By far the tragicomic highlight of the event was the mock wedding. The bride, a grotesquely transvested fellow complete with imposing mustache, pot belly, and messily applied hot pink lipstick, rode in on a terrified donkey, which, after the groom was chosen and drunkenly hoisted up to ride beside his beloved, fainted. The passengers tumbled to the ground amid shrieks, shouts, and cries of mixed character, and there were a few awkward moments while the assembled crowd wondered if the poor beast had breathed its last. But, fortunately, the formidable Cretan knowledge of animal husbandry came through in the form of a few old fellows who successfully resuscitated the donkey to the lusty cheers of the crowd, thus saving the villagers from any serious contemplation of what they had just witnessed.
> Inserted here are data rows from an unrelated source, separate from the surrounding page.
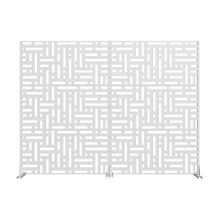 Load image into Gallery viewer, Three Panel Screen Room Divider (720040) - White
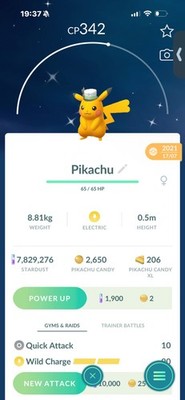 Pokemon Go Shiny Pikachu Mellotta ( Go Fest 2021 )
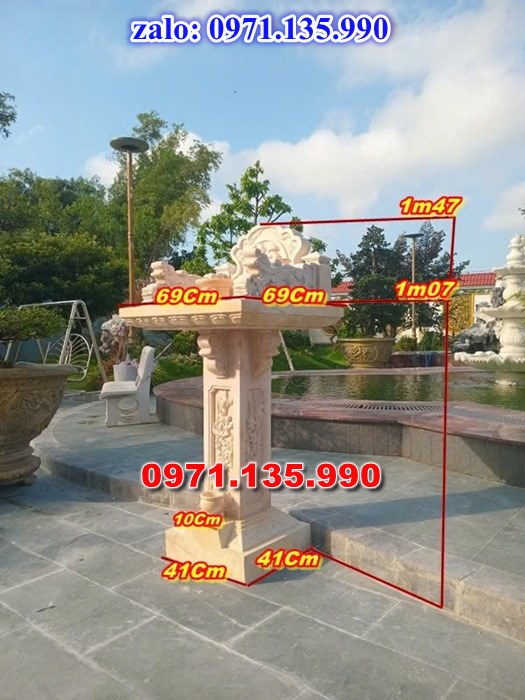 am thờ thần linh, am để tro cốt, am thờ trước nhà, kích thước am thờ, giá bán am thờ,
The celebration ended with us playing our bagpipes and the last remaining revelers singing along, arm-in-arm, as they so often do here in Crete. Και του χρόνου!
March 25 was Greek Independence Day, when the country celebrates the 1821 revolution against the Ottoman Turks and honors the daring heroes who pulled it off (a great many of whom were of Albanian descent, by the way). What better place to celebrate this holiday than... Istanbul?
We went to the City (as the Greeks call it, referring to its status for a millenium before the Turkish conquest as the absolute center of Greek intellectual and artistic life) for a few days, and despite the pollution, strange weather (it snowed), and ubiquitous Spanish tourists, had a wonderful time. Not that I have anything against Spaniards, or think that they shouldn't be allowed to travel wherever and in however large numbers they please; it's just strange to be in Turkey and be accosted at every turn by restaurant touts shouting "bueno, bonito, barato!" at me. Luckily we took the time to visit a friend who lives far away from the center of the city in what amounts to, as he described it, an unspoiled Anatolian village near the old ruined Bosphorus fortress of Anadolu Hisari; he lives in an old Ottoman mansion with a terraced backyard garden the size of a football field. The last thing I expected to see in that chaotic city of 12 million people!
The other highlights of the trip were our discovery of a sweetshop that only sold baklava-type things made entirely out of pistachioes; several visits to mosques during prayers (with some really astounding chanters); and a sufi ceremony: swirling robes and Rumi.